◆ **Exercise description**
None of the images should appear in your copy. Transcribe the data in full.

◆ **Source material**
################

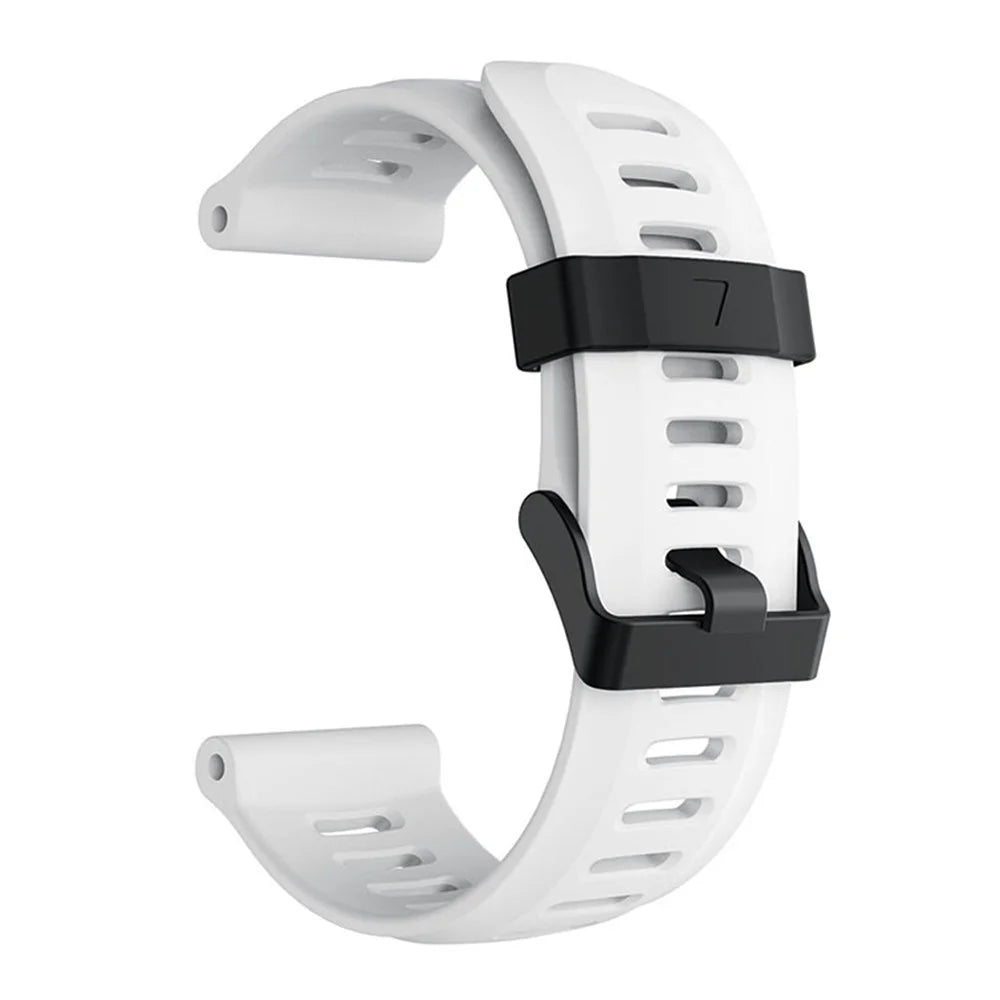 Silicone Watch Band Bracelet for Garmin Fenix 5X/Fenix 3 Metal Buckle Smart Watch Strap - White - 1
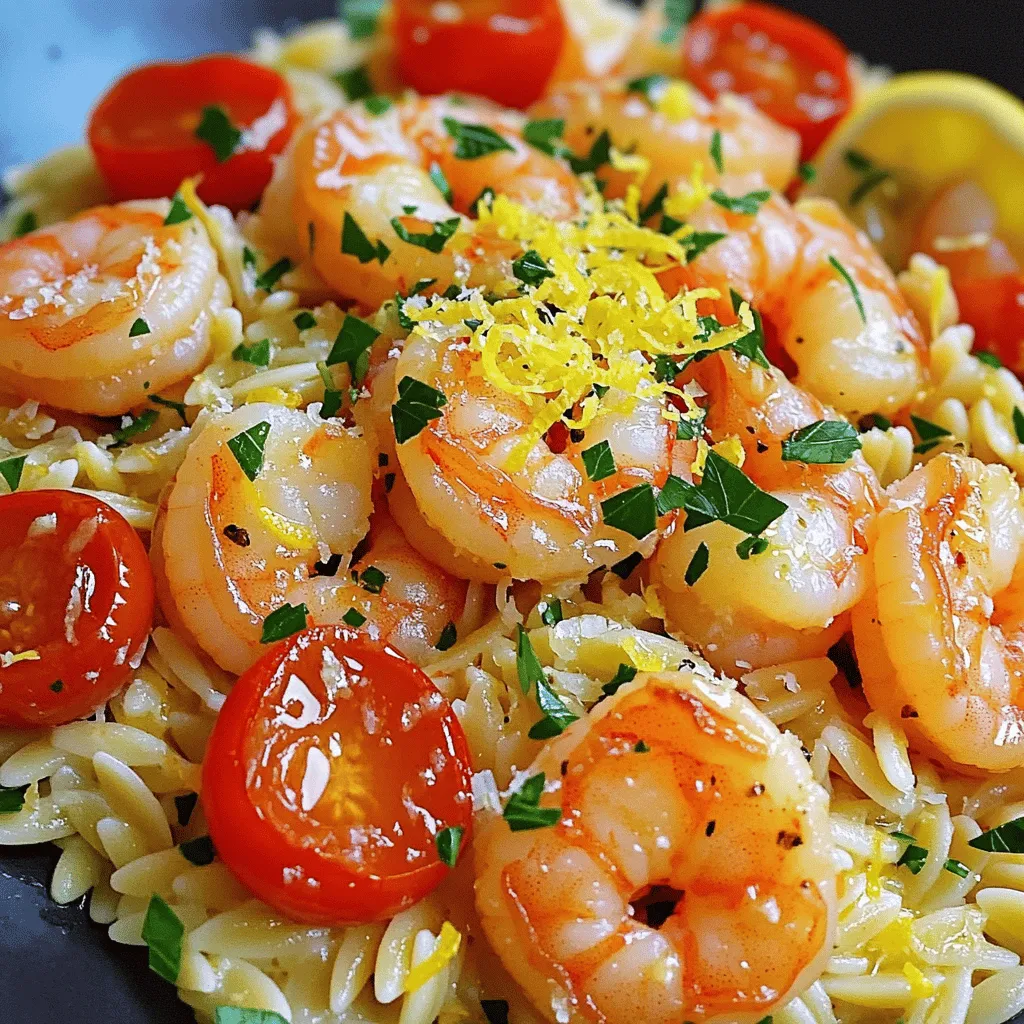 Lemon Garlic Shrimp Orzo Flavorful and Easy Meal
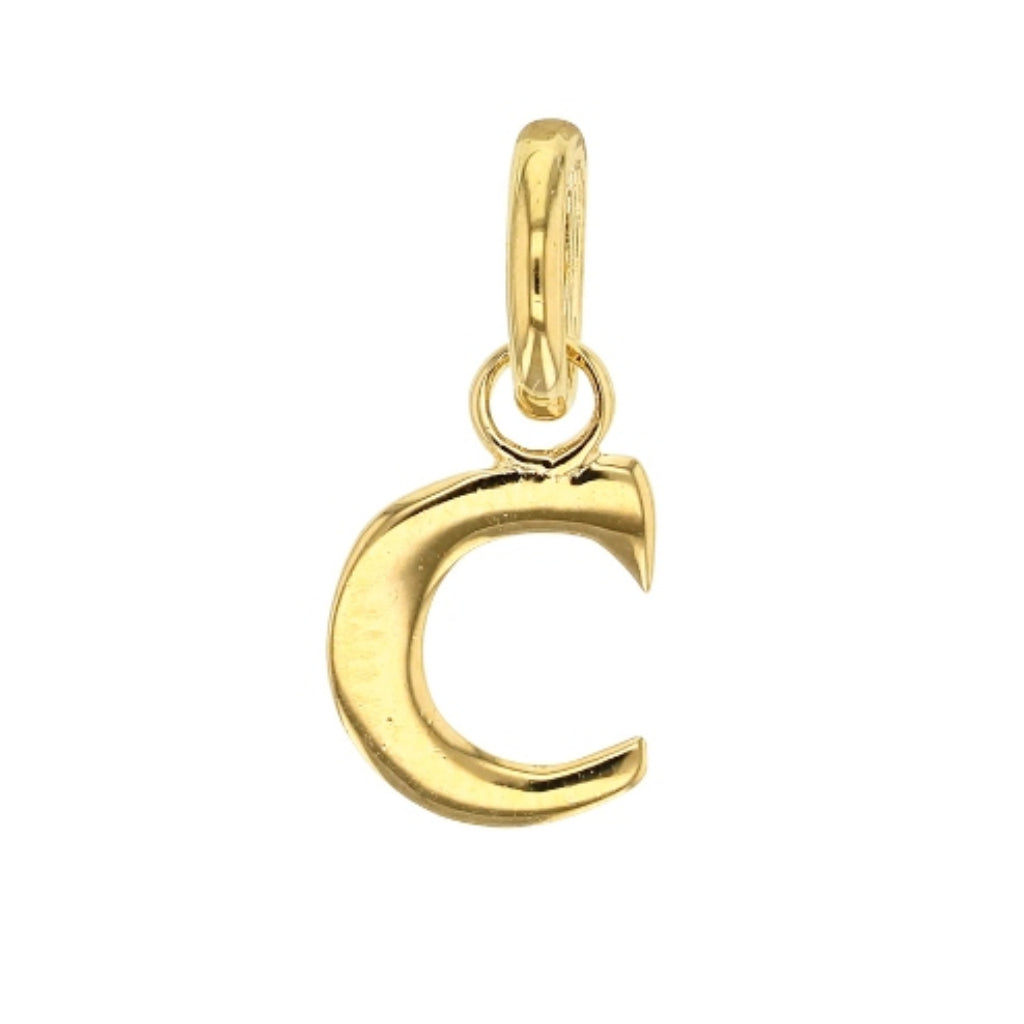 Gold Letter Pendant Necklace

################

◆ **Result below**
 Silicone Watch Band Bracelet for Garmin Fenix 5X/Fenix 3 Metal Buckle Smart Watch Strap - White - 1
 Lemon Garlic Shrimp Orzo Flavorful and Easy Meal
 Gold Letter Pendant Necklace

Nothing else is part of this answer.